» **What to produce**: Extract, unchanged, every line from the top of the material below through the line with "2143 Silent Fox, San Antonio, TX 78260", and no more.

» **Dataset records**:
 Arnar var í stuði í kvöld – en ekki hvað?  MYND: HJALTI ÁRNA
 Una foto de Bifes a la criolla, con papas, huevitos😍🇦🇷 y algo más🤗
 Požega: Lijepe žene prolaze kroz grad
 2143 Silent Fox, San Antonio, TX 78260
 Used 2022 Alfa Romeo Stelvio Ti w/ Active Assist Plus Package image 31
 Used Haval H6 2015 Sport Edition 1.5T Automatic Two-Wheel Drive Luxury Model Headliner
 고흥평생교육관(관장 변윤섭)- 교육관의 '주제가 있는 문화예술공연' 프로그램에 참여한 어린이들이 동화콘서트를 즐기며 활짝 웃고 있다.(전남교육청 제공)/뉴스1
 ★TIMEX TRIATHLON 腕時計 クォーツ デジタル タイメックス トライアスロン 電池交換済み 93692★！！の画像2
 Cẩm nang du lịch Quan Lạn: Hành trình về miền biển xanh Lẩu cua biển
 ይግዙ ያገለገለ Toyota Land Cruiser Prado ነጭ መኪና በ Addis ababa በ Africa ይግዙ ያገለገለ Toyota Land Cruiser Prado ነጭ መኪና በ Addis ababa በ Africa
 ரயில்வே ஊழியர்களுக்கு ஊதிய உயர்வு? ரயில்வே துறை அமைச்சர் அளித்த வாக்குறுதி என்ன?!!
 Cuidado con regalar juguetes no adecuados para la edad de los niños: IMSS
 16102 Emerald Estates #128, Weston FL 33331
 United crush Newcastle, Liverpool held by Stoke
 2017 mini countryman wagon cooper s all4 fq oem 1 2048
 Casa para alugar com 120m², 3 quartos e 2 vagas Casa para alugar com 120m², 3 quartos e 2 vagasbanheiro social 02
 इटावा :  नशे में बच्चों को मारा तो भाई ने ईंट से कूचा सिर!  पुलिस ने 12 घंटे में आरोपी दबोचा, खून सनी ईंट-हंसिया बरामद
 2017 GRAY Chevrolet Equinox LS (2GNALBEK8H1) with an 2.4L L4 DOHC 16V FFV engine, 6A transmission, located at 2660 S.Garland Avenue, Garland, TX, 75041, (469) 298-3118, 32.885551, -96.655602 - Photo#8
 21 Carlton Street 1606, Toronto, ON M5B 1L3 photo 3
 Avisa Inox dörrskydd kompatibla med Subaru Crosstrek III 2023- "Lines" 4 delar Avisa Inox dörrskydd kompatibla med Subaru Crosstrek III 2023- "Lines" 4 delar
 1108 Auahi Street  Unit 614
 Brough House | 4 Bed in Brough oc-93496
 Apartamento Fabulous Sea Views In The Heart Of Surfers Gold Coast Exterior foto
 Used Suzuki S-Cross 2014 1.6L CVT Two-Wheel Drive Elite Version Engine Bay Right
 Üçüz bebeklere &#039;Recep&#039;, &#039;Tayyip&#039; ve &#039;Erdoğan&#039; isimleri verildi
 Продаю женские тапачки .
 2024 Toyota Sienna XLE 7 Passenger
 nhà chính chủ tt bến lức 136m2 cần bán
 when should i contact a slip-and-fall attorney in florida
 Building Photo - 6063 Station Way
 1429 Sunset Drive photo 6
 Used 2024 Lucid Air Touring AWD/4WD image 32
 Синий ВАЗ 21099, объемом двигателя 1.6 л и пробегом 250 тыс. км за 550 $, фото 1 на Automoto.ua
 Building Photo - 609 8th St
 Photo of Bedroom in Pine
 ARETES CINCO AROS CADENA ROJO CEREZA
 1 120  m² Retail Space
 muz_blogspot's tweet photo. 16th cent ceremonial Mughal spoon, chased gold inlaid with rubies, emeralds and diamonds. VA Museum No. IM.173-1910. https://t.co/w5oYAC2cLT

» **Response to the exercise**:
 Arnar var í stuði í kvöld – en ekki hvað?  MYND: HJALTI ÁRNA
 Una foto de Bifes a la criolla, con papas, huevitos😍🇦🇷 y algo más🤗
 Požega: Lijepe žene prolaze kroz grad
 2143 Silent Fox, San Antonio, TX 78260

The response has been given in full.